Die Rettung ist ganz nahe. Foto: Müller

Dieser Freitagmorgen war ein guter: für einen Bösinger Jäger, einen Bösinger Landwirt, für einen Helfer und für vier Rehkitze.

Um 6 Uhr ging es auf mehrere Wiesen im Bereich Kasperleshof. Zwei Stunden haben die Männer Zeit für das Projekt Rehkitzrettung. Mit Drohne und Wärmebildkamera wird das Gebiet, das ab 8 Uhr gemäht werden soll, abgesucht.

 

In den etwas kühleren Morgenstunden besteht eine gute Chance, mit der Wärmebildkamera Rehkitze zu finden, die ihre Mütter ins hohe Gras abgelegt haben.

Kontakt mit Revierinhaber

Kitze, die durch das hohe Gras ja eigentlich geschützt sind. Geschützt vor den Räubern des Waldes und der Flur wie dem Fuchs. Aber auch vor der „Luftwaffe“, vor Milan, Elster, Rabe, vor den Angriffen von oben.

Doch gegen die modernen Waffen der Landwirtschaft sind die blutjungen Tiere chancenlos. Vor den Maschinen mit einer Spannweite von acht Metern auf einer Spur. Damit die Mahd sehr schnell über die Bühne gehen kann.

Drohne mit Wärmebildkamera im Einsatz. Foto: Müller

Um das Leben der Kitze zu retten in diesen Wochen im Mai und im Juni, hat es sich seit etwa vier Jahren bewährt, dass Landwirte, bevor sie zur Tat schreiten, mit den Jägern, mit den jeweiligen Revierinhabern sprechen. In dem besagten Fall mit Helmut Müller vom Jagdbogen Nord.

Bisher 20 Kitze gerettet

Im Zusammenspiel mit einem Drohnenpiloten werden die Wiesen überflogen, damit die Kitze, die gerade einmal einige Tage alt sind, gefunden und gerettet werden können. Vier Tiere sind es an diesem Morgen – insgesamt in diesem Jahre 20, lautet Helmut Müllers Bilanz.

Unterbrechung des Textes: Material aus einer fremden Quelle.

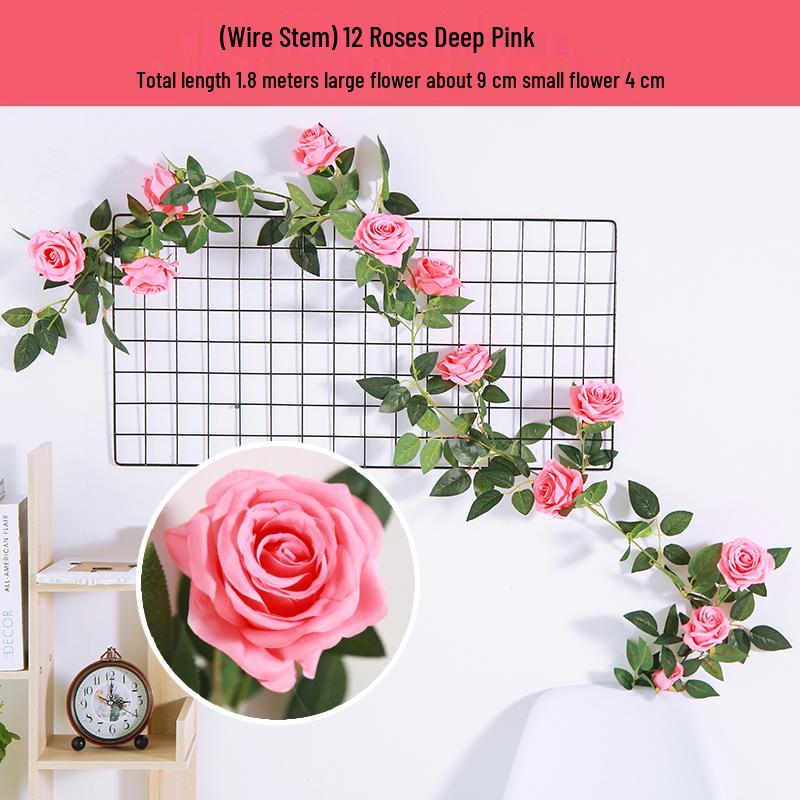 Artificial Rose Vine Hanging Basket and Arch Decoration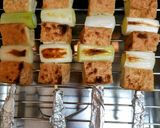 簡単おつまみ！厚揚げと長ネギの焼き鳥風作り方6写真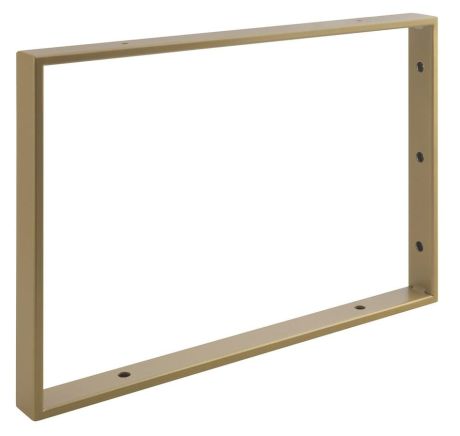 Przejdź do produktu Wspornik 490x330x40mm, stal malowana, złoty mat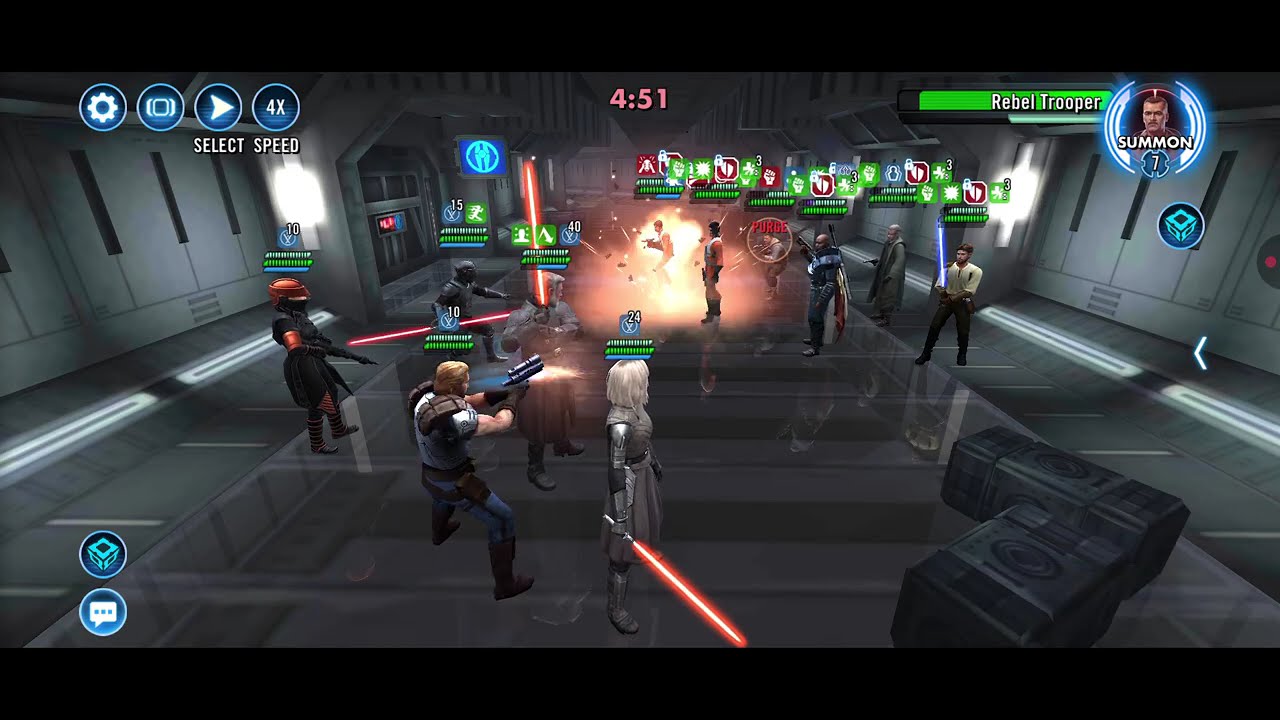 Baylan/Shin/Marrok/Dash/Fennec (wordy tank) vs. Saw/Luthen/K/B/Wedge (L9 Biggs, wordy attacker): 65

Helmut Müller (links) und Rolf Wetter, Leiter der Gruppe Kitzrettung Aichhalden, am Freitagmorgen mit „Bambi“. Foto: Müller

Die Kitze werden mit Handschuhe und etwas Gras in eine Kiste gepackt. Gleich nach der Mahd werden sie in der direkten Umgebung, am besten ein, zwei Meter in ein Rapsfeld oder am Waldrand, sofort wieder ausgesetzt, damit die Mutter sie finden kann. Schließlich haben die Kleinen etwa alle zwei bis drei Stunden Hunger.

In eine Kiste mit Gras gebettet. Foto: Müller

Wie bekannt, sollen die Kitze nicht mit der bloßen Hand angefasst werden. Denn dann nehmen sie den menschlichen Geruch an und werden von der Mutter verstoßen. Die Kleinen sind geruchslos, bis sie schließlich laufen können.

Positive Gefühle

Bei Helmut Müller löst diese Lebensrettung wunderbare positive Gefühle aus: Freude, Genugtuung, große Zufriedenheit. Besonders, wenn er noch beobachten kann, wie die Geiß direkt nach der Mahd ihr Kind sucht und findet.

Das Jammern der Mutter klingt herzzerreißend: die Wiese ist gemäht, das Kind verschwunden. Das Kleine fiept, piepst. Dieses Fiepen, für das menschliche Ohr kaum wahrnehmbar, hört Mama Bambi sehr wohl. Die Wiedersehensfreude ist dann sehr groß.

Vor den Drohnen war Tierrettung sehr umständlich und nicht so erfolgreich, berichtet Helmut Müller. Da seien Gleichgesinnte und er fünf Stunden durch Wiesen gelaufen und haben Tage vor der Mahd die Umgebung während der Abenddämmerung beobachtet.

Es geht um die Sache

Der Jäger freut sich sehr, dass das Zusammenspiel in Sachen Kitzrettung mit relativ vielen der nicht mehr so zahlreichen Bauern in Bösingen sehr gut funktioniere. Und er hofft, dass sich die wenigen anderen dem anschließen. Schließlich gehe es um die Sache.

Kadaver nicht gut für Futter

Jenseits der Tierrettung vor einem grausamen Tod leidet die Futterqualität durch Tierkadaver. Im ungünstigsten Fall könnten somit Kühe an Botulismus erkranken, informierte unlängst Landwirt Lorenz Maier.